**EXERCISE DATA**

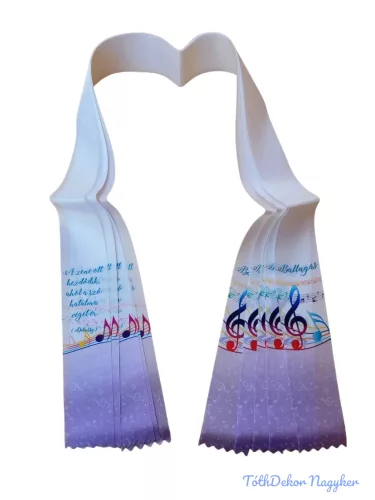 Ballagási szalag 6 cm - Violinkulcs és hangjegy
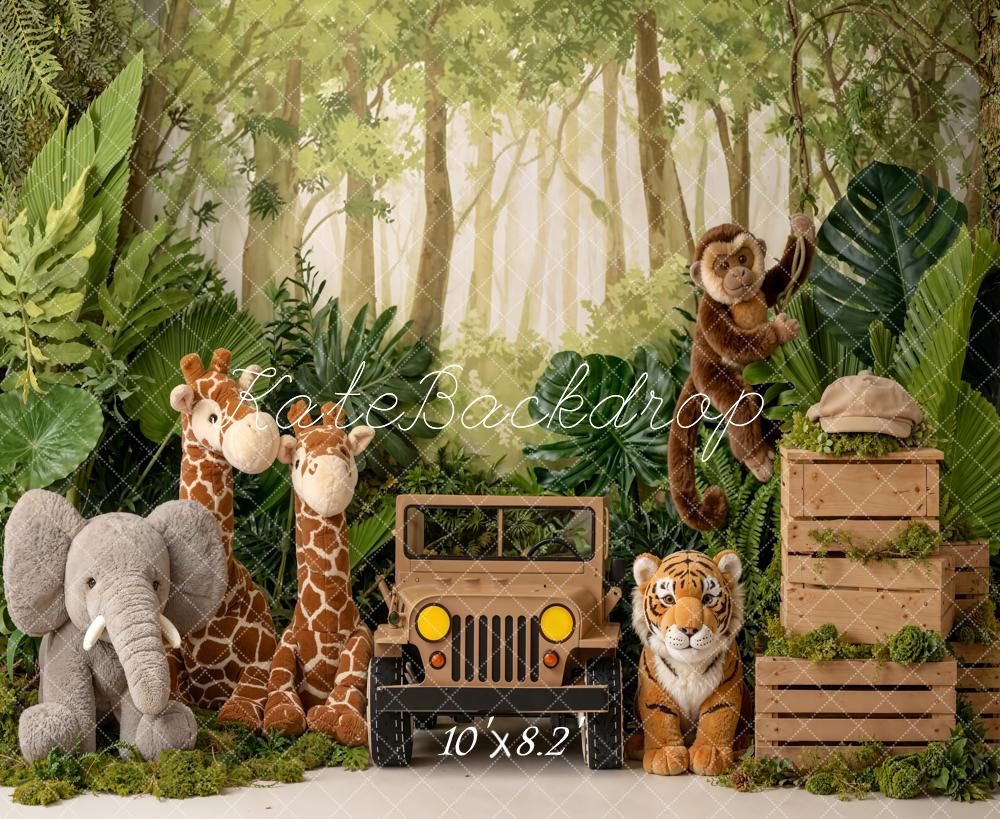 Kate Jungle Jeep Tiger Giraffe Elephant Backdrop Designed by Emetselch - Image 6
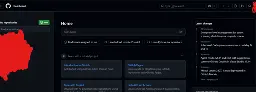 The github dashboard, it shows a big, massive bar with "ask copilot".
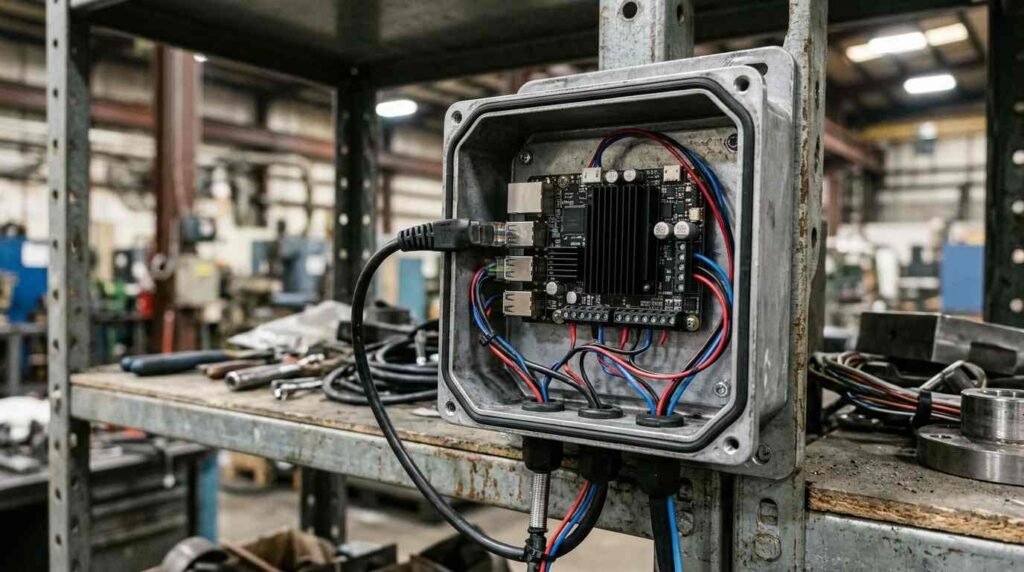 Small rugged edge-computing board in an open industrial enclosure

==

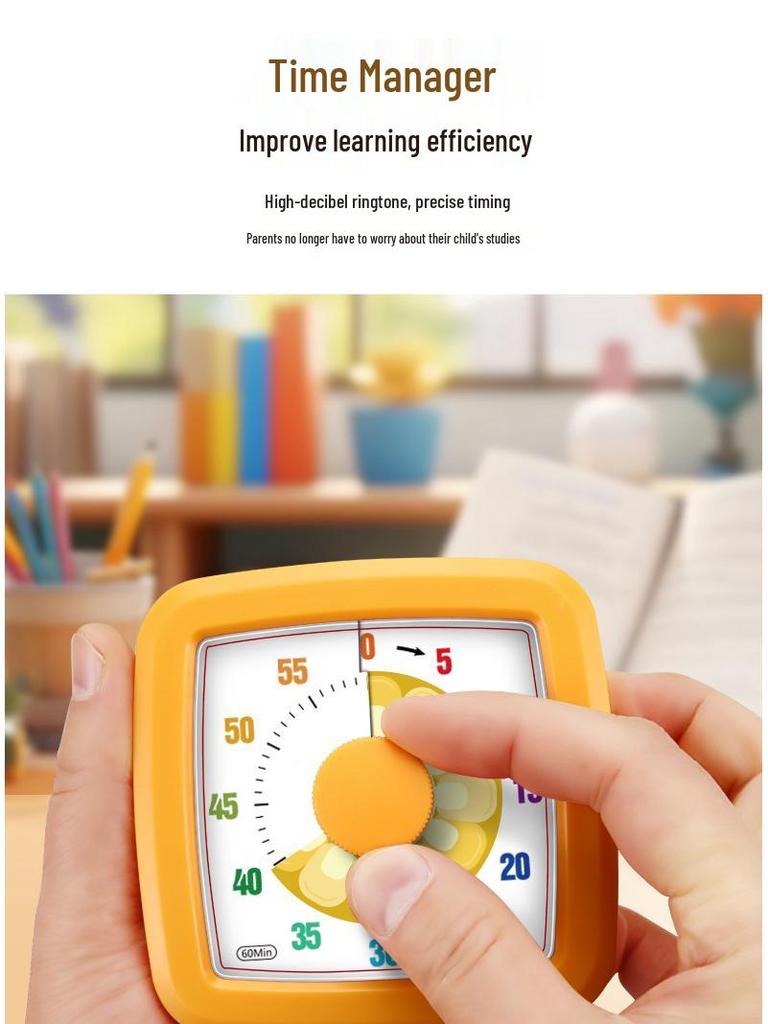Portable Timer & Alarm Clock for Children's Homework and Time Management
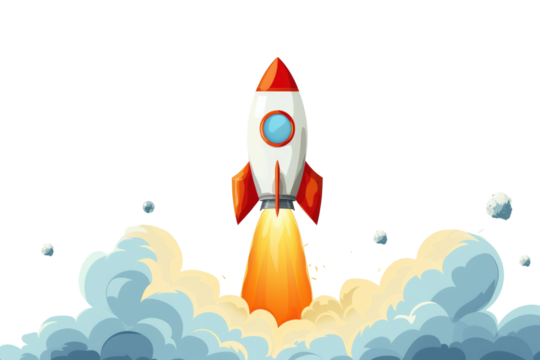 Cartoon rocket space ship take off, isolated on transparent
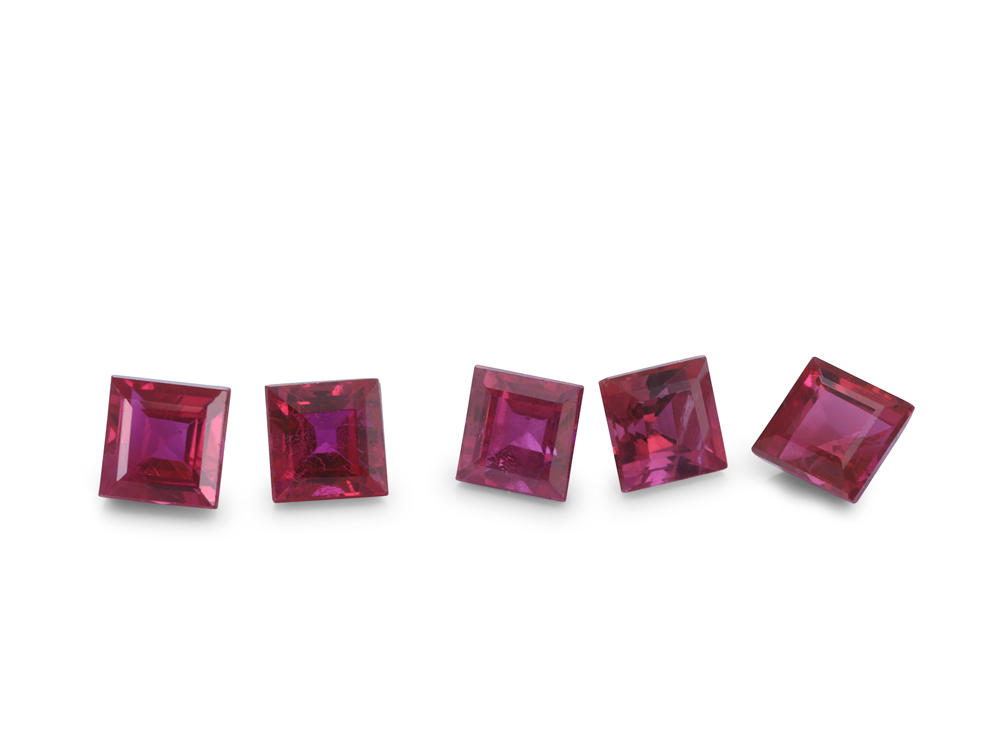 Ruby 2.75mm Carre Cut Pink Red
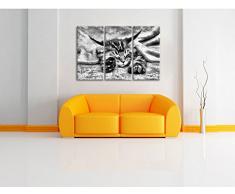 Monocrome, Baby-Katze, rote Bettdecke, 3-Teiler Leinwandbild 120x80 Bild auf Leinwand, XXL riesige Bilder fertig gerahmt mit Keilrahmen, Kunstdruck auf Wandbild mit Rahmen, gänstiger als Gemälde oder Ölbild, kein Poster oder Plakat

...

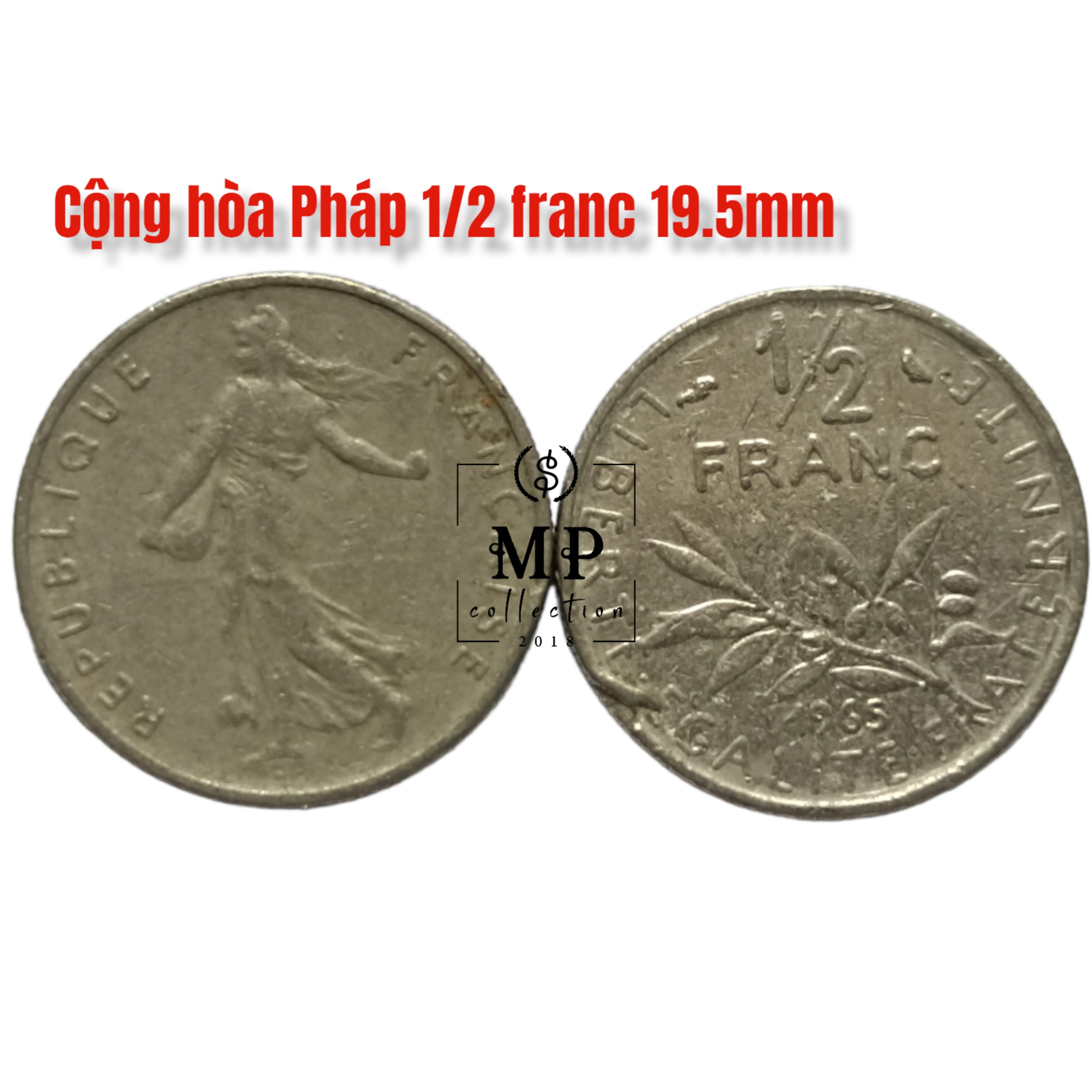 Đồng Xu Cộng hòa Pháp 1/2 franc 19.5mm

**YOUR GOAL**
Nothing but the lines above from the one that has "Ballagási szalag 6" down to the one that has "Small rugged edge-computing" belongs in the answer, copied exactly, without pictures.

**WRITTEN SOLUTION**
 Ballagási szalag 6 cm - Violinkulcs és hangjegy
 Kate Jungle Jeep Tiger Giraffe Elephant Backdrop Designed by Emetselch - Image 6
 The github dashboard, it shows a big, massive bar with "ask copilot".
 Small rugged edge-computing board in an open industrial enclosure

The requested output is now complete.